For immediate release
March 7, 2015
Coalition Plans Local March from Torch of Friendship on Saturday, March 7th to Commemorate Bloody Sunday and Call Attention to the Modern Fight for Justice and Opportunity
Miami residents who can’t go to Selma this Saturday for the national commemoration of Bloody Sunday will be able to take part in a local march to honor what many call the event most responsible for getting the Voting Rights Act passed 50 years ago.
The march will start at noon on Saturday, March 7 at the Torch of Friendship (401 Biscayne Blvd.) and proceed through the heart of Overtown, stopping through the site of the Miami World Center.
“Fifty years ago, Americans of all ages risked it all to secure everyone’s right to vote.” said Rev. Gary Johnson, Director of the Miami branch of the Southern Christian Leadership Conference (SCLC). “The sacrifices of the past have yielded some great gains, but the fight to ensure that everyone can be a part of those successes still continues, especially here in Miami.”
More than a dozen civil rights and community organizations will join SCLC, including: Florida New Majority; the Miami Dade County NAACP; AFL – CIO South Florida; Catalyst Miami; Fanm Ayisyen Nan Miyami; Florida Immigrants Coalition; LiUNA Southeast Laborers Council; Miami Workers Center; National Latina Institute for Reproductive Health; Power U Center for Social Change; SEIU Florida; St. John’s Baptist Church; and UNITE HERE Local 355.
“Today we see not just an attack on voting rights, but also battles against gentrification, police brutality, and the school-to-prison pipeline,” said Gihan Perera, Executive Director of Florida New Majority. “This is a chance for people to honor the past and to be inspired to continue the work of making this democracy – and this city – benefit everyone who dreams of a better life for themselves and their families.

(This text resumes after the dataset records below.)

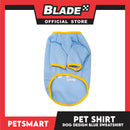 Pet Shirt Blue Sweat Shirt Dog Design (Large) for Cats and Dogs
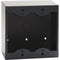 RDL SMB-2B Surface Mount Box for 2 Decora-Style Products (Black)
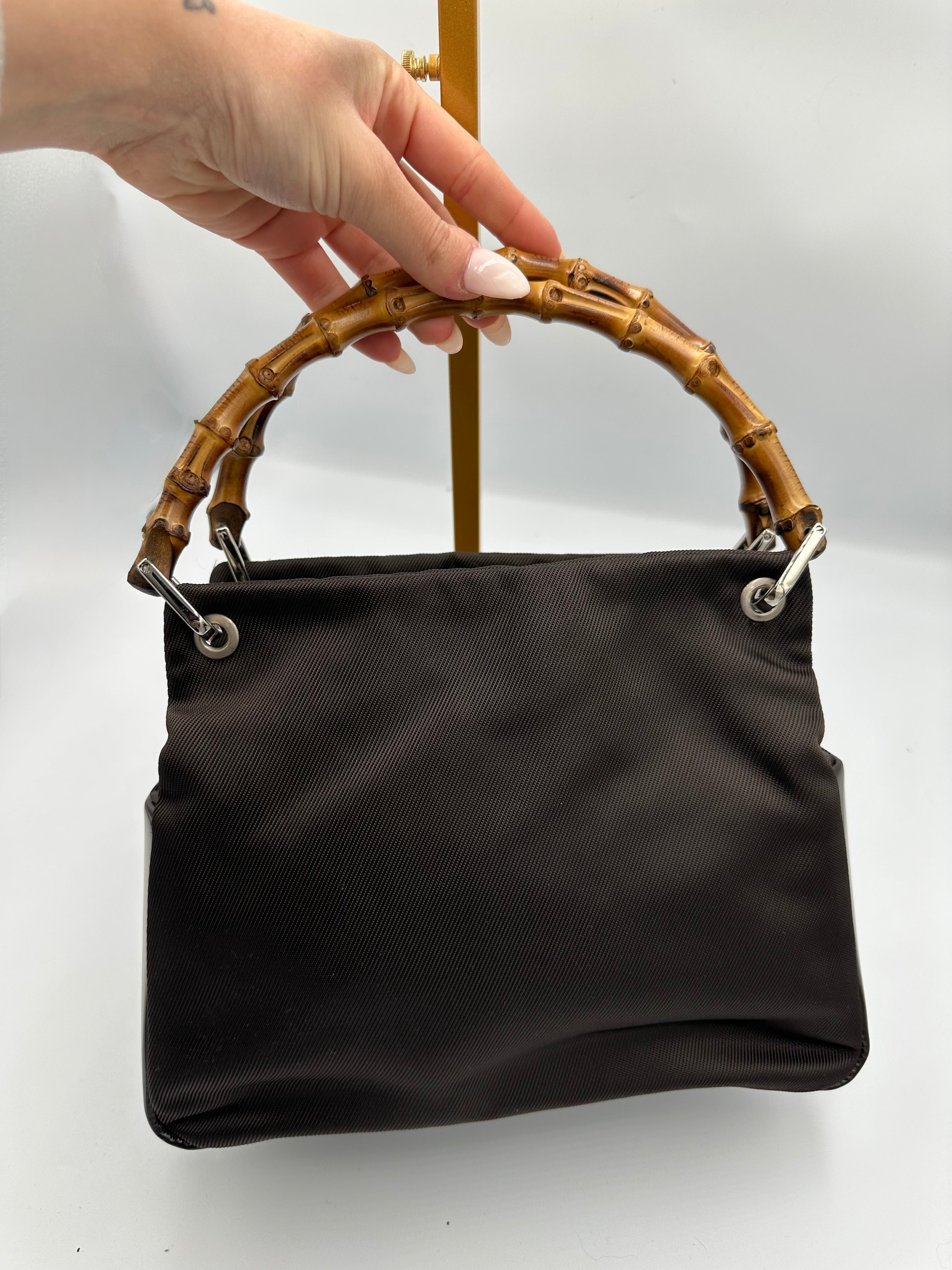 Gucci Bamboo 2000s top handle mini handbag
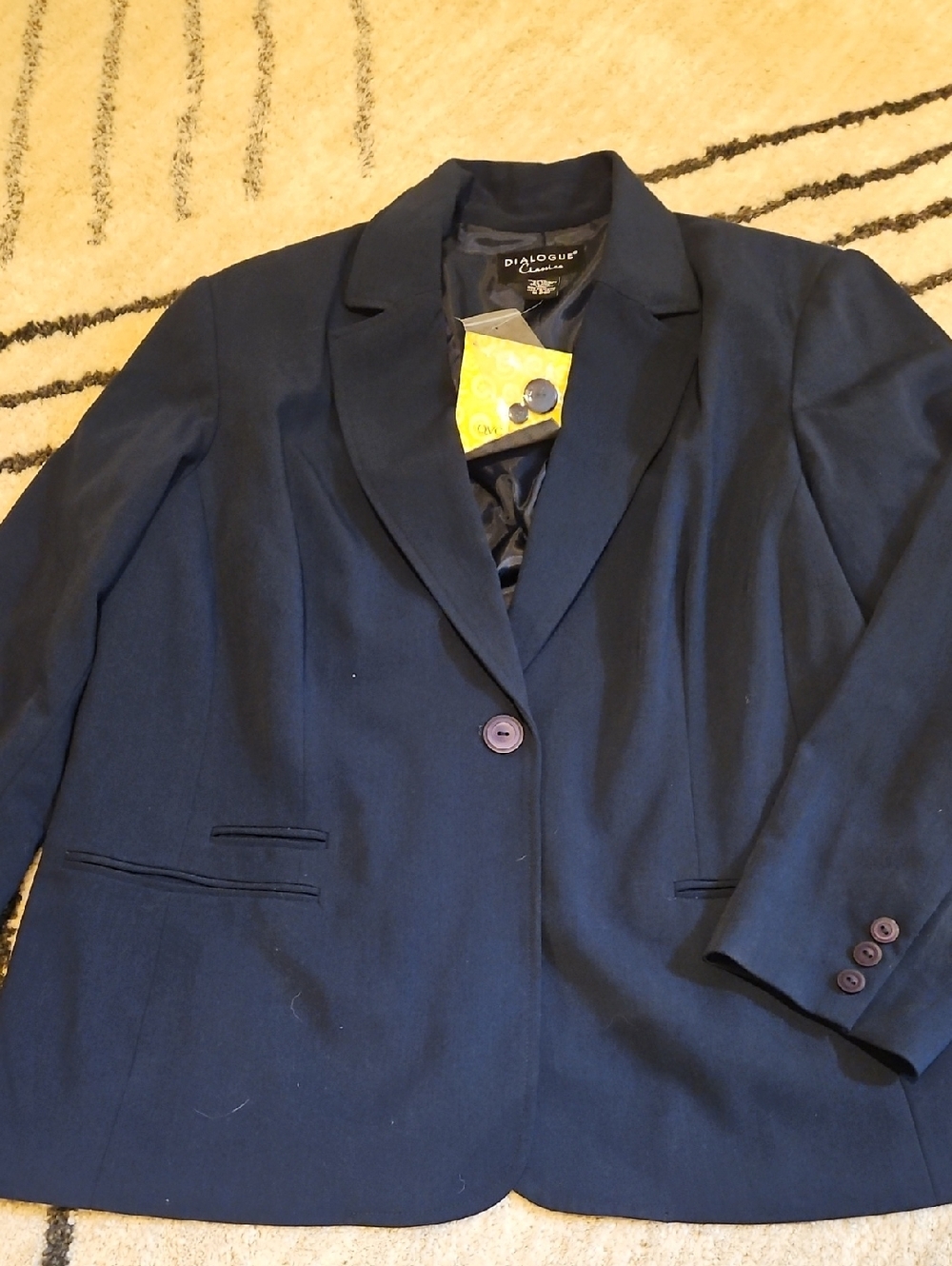 Dialogue Navy Single-Button Women's Blazer
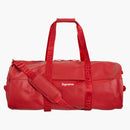 Supreme Leather Large Duffle Bag Red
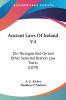 Ancient Laws Of Ireland V4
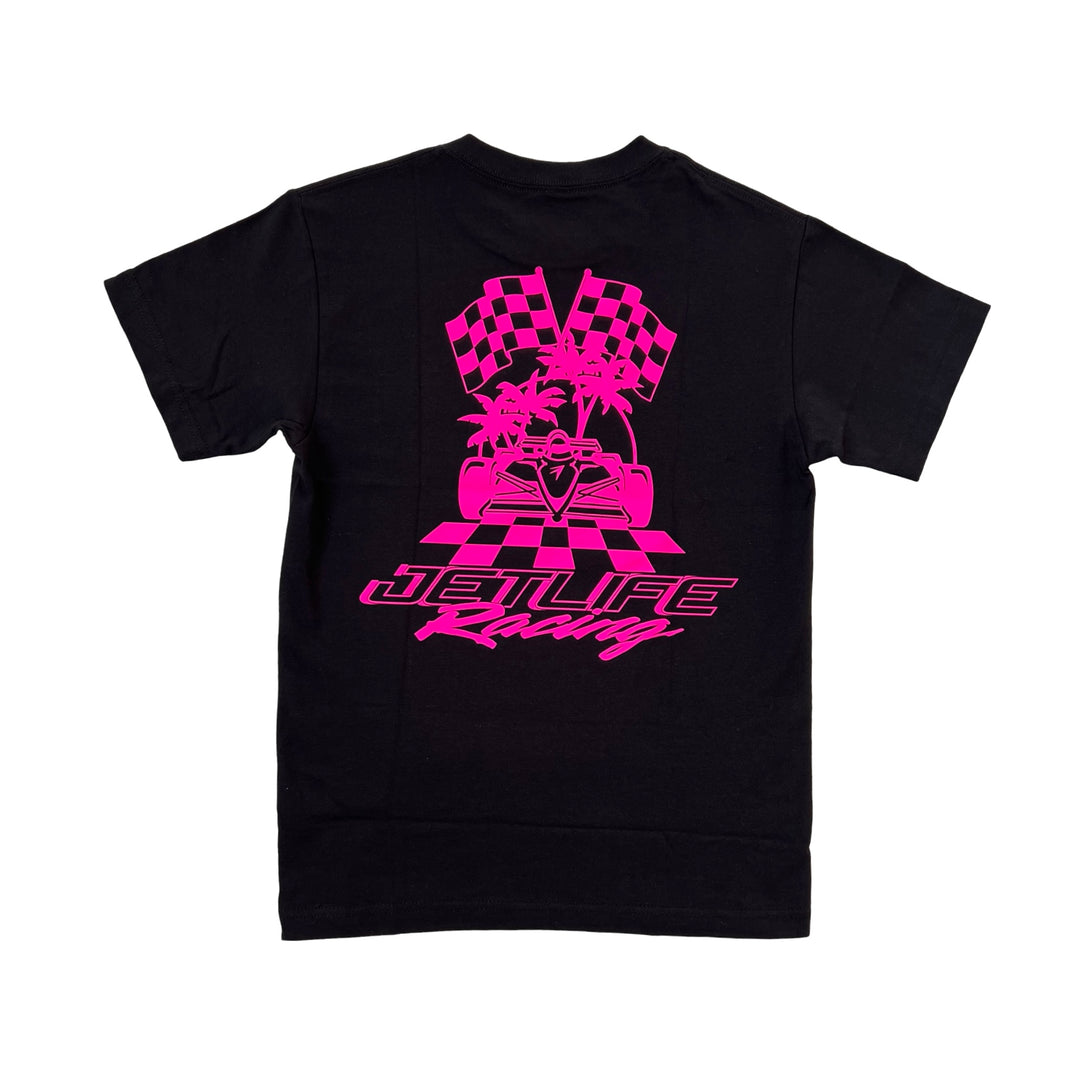 Jet Life "INDI" Tee | BLACK & HOT PINK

Fifty years ago, the brutal March 7th beating of nearly 600 civil rights activists crossing the Edmund Pettis bridge in support of the fundamental right to vote opened the eyes of the nation to the violent harassment of those who sought to exercise their franchise. Ultimately, more than 25,000 Americans of conscience were rallied to make their way down South to support these voters and complete the march from Selma to Montgomery, providing the wind beneath Congress’ sails to pass the Voting Rights Act (VRA) that summer.
The VRA would go on to hugely impact our democracy, helping to exponentially increase the number of African American, Latino and Asian American voters and diversify the number of elected officials at all levels.
WHO: A coalition of local civil rights and community organizations and leaders. (full list above).